A new study has investigated the fragments of cancer DNA that arise from the human genome, the sequence of which is the outcomes of millions of years of evolution and has been structured by “copy-paste-edit” processes and co-evolution with parasitic elements.
DNA. Image Credit: vitstudio/Shutterstock.com
For instance, 8% of the human DNA arises from past viral infections. The serpentine mutational processes that have structured the human genomes strengthen and turn life-threatening in the cancer cell genomes, resulting in anarchic cell mutation and proliferation.
Apart from being a fossil of the past human evolution, the repeated sequences of DNA in the human genomes also hold a history of how a specific cancer type has evolved, which enables researchers to understand and analyze the development and progression of cancer.

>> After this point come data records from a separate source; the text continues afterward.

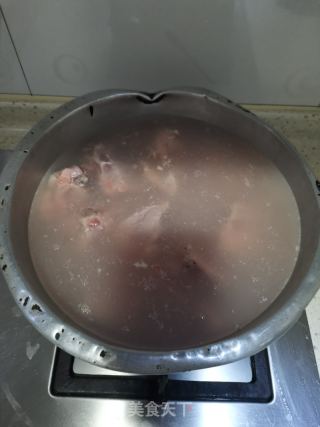 干豆角炖排骨配卤蛋的做法步骤：2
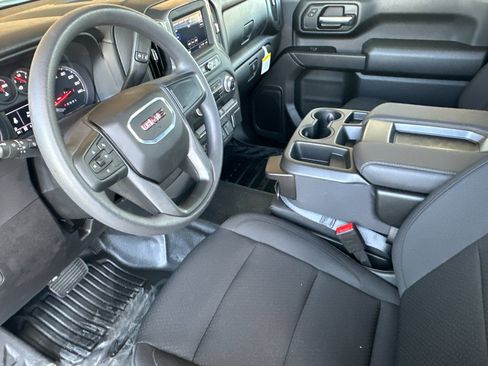 New 2025 GMC Sierra 2500 Pro w/ Convenience Package AWD/4WD image 10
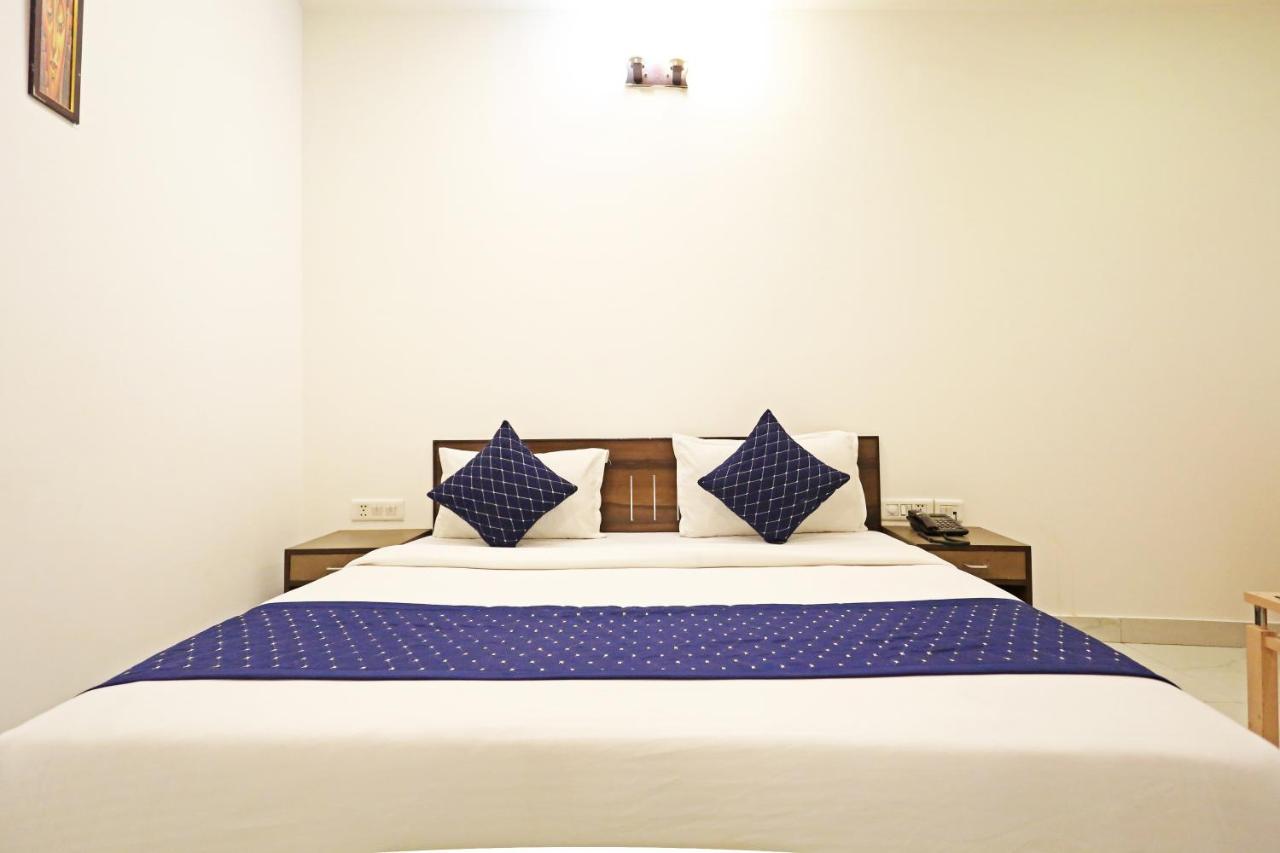Hotel Ambrosia - A Boutique Hotel Nowe Delhi Zewnętrze zdjęcie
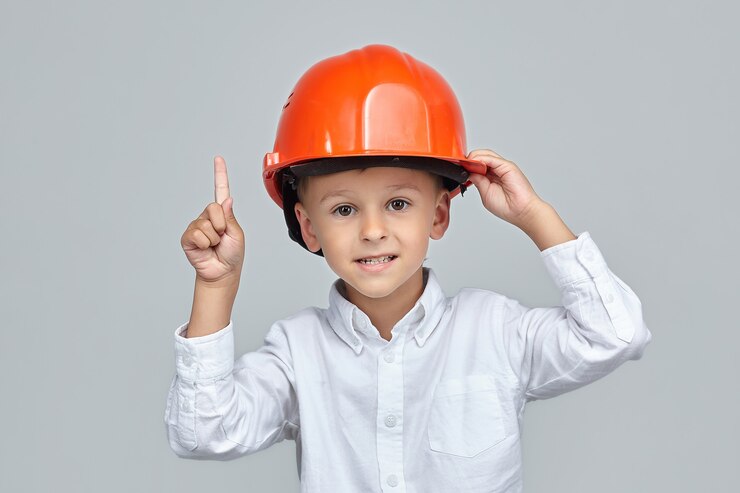 Um menino com um capacete protetor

Existing technologies enable researchers to read and assemble billions of short DNA sequences to investigate cancer genomes and detect mutations within them.

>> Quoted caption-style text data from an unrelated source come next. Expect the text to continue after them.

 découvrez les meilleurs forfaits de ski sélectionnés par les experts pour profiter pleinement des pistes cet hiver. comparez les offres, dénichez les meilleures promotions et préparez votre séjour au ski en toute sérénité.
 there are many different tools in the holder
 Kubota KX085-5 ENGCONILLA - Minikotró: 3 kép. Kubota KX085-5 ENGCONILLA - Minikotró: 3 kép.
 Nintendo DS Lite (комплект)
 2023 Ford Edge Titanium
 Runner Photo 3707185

However, such an investigation in repeated DNA has been hampered by a basic characteristic of the human genome: what is the method to substitute short quasi-identical sequences, usually pasted from the same ancestral copy, back to their original genome location? What is the way to identify mutations in those sequences?
The latest paper published in Nature Biotechnology takes advantage of the power of artificial intelligence to resolve this issue. The application of this innovative tool to the widest collection of primary cancer genomes so far has enabled interesting discoveries.

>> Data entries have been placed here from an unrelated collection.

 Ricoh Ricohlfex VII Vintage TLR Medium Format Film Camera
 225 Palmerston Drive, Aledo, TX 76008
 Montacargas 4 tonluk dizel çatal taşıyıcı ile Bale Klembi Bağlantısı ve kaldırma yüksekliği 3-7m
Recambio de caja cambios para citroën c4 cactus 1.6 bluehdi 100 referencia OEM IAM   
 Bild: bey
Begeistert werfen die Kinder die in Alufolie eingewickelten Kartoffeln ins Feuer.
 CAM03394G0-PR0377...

For instance, mutations that could not be detected using common tools earlier were found even in the coding sequence of well-known cancer genes. This implies patients with cancers that carry those mutations might benefit from therapy targeted at those genes.
The researchers identified other mutations in families of genes duplicated several times along the human genome. Although a few of the families were already related to cancers, their mutations could not be noticed. The researchers have rendered this rich resource accessible to the scientific community, thus further enriching a gold mine in cancer genomics.
The algorithm created by Maxime Tarabichi and his colleagues is neither restricted to cancer nor the human genome. It is a versatile tool for data produced with existing sequencing technologies, accessible to all researchers across the globe who study the evolution of life.